The Parliamentary Secretary was so sweetly reasonable in the first part of his speech and so much represented what I believe to be the mind of the House, that I was a little disappointed at the last part of his speech, but I am not quite sure that the last part of his speech did not really represent what is in the Bill. My view always has been that the training of juveniles up to 18 years of age was most desirable, and that it was not unreasonable that young persons should be required to attend training courses to become efficient for industry or to be conditioned, as the case might be. But it is one thing to do it with young persons under 18, and quite another thing to do it with an adult, a man of 27 or 28 or 30, and to do it against his will. The Minister said that; he said in the light of his experience and knowledge, after visiting these centres and giving the subject a lot of study, that it-was not likely to be effective if compulsion was applied. But almost in the same breath he said that he did not think it unreasonable to insist on this condition for married men. That rather suggested compulsion.
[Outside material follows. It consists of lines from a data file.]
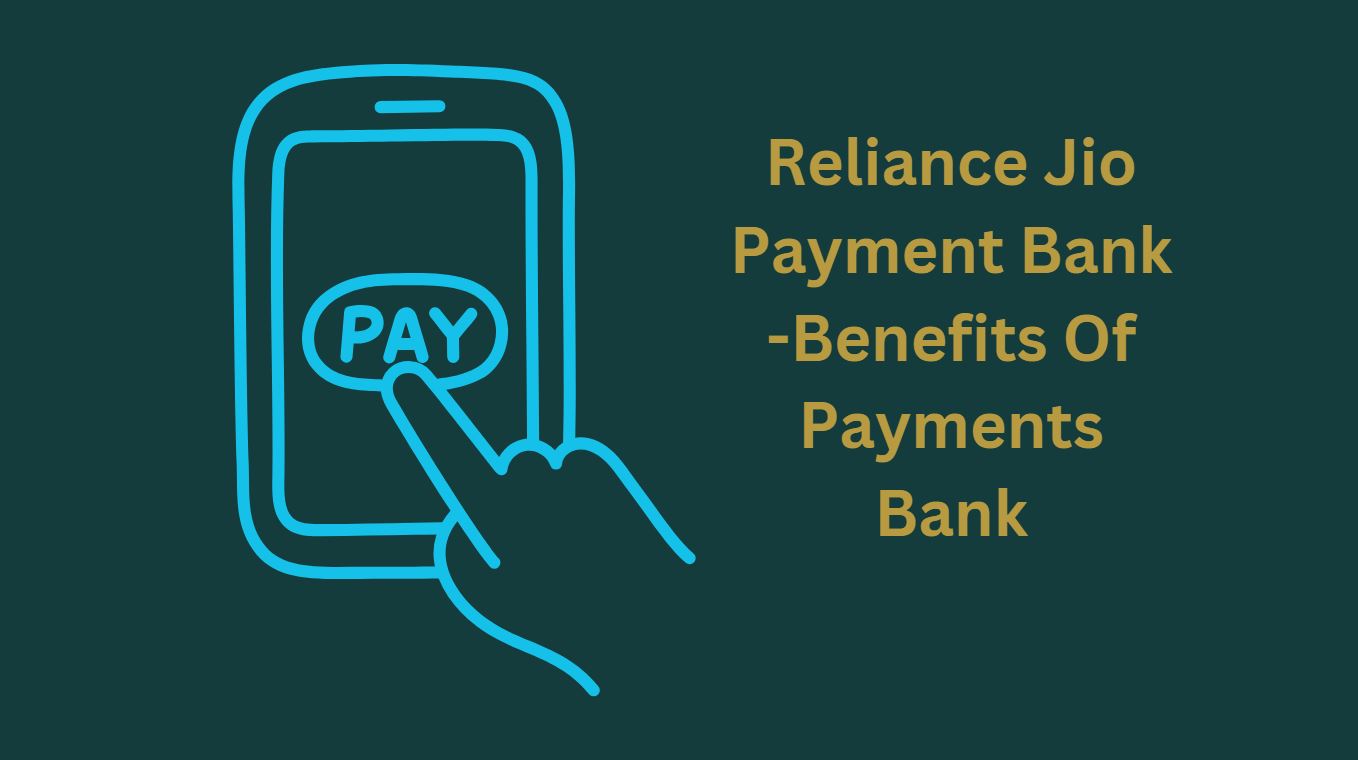 Reliance Jio Payment Bank Started - Benefits Of Payments Bank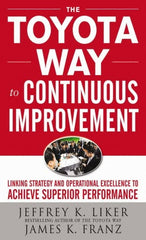 McGraw-Hill - TOYOTA WAY TO CONTINUOUS IMPROVEMENT Handbook, 1st Edition - by Jeffrey Liker & James K. Franz, McGraw-Hill, 2011 - Exact Tooling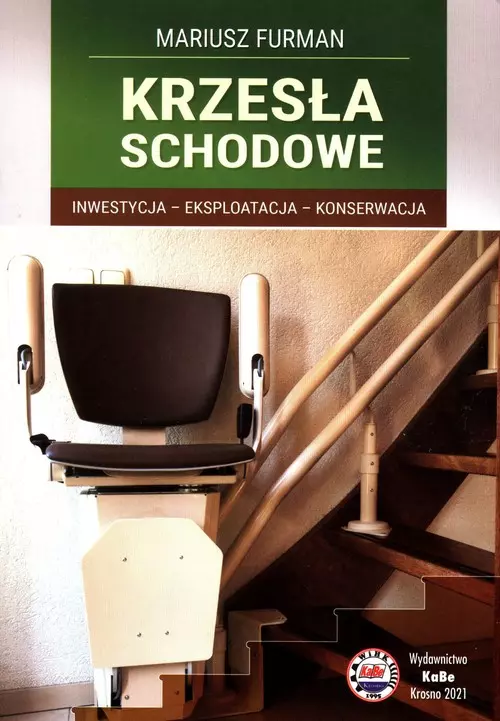 Krzesła schodowe Inwestycja Eksploatacja Konserwacja - Książki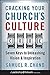 Cracking Your Church's Culture Code: Seven Keys to Unleashing Vision and Inspiration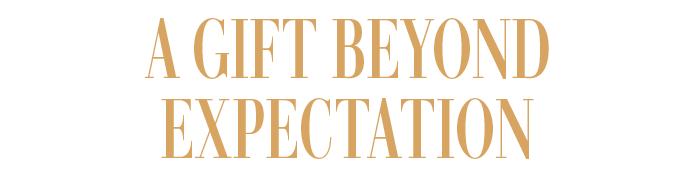A GIFT BEYOND EXPECTATION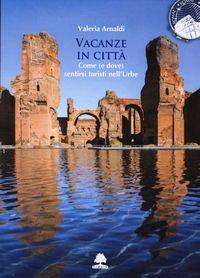 Produktbild: Vacanze in citt&agrave;. Come (e dove) sentirsi turisti nell'Urbe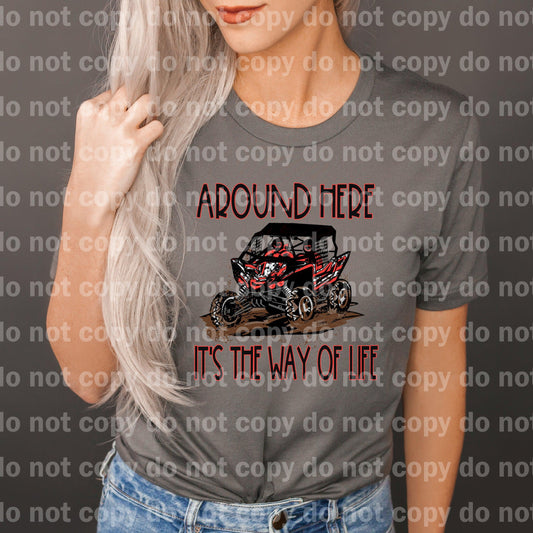 Around Here It's The Way of Life Dream Print or Sublimation Print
Compulsion of a man who has volunteered to go to a course and then, having gone to the course, requiring him to continue his training so that the money spent on him should not be wasted, is one thing, but it is quite another thing to make as a condition of receiving benefit the attendance at a course. That is particularly so when you make it the condition of receiving ordinary standard benefit.

When we come to Part II of course it is quite another story. You assume that when a man has to go on public assistance he has been a very long time out of work and may have become demoralised, and there may be a case made out for requiring attendance as a condition of public health payment, although even there, in the light of experience in London of one or two compulsory training centres where residence is required, compulsion has not produced very satisfactory results. I have only to mention Belmont as one example. The cases we are considering under Part I are the cases where there is still a legal claim to benefit, quite apart from any condition. I do not like these words. After the speech of the Parliamentary Secretary I am satisfied that as long as the matter is in his hands all his influence will be brought to bear on making attendance as fas as possible voluntary, in order to make the results satisfactory. But we have to remember that we are dealing with an Act of Parliament and not with a particular Minister.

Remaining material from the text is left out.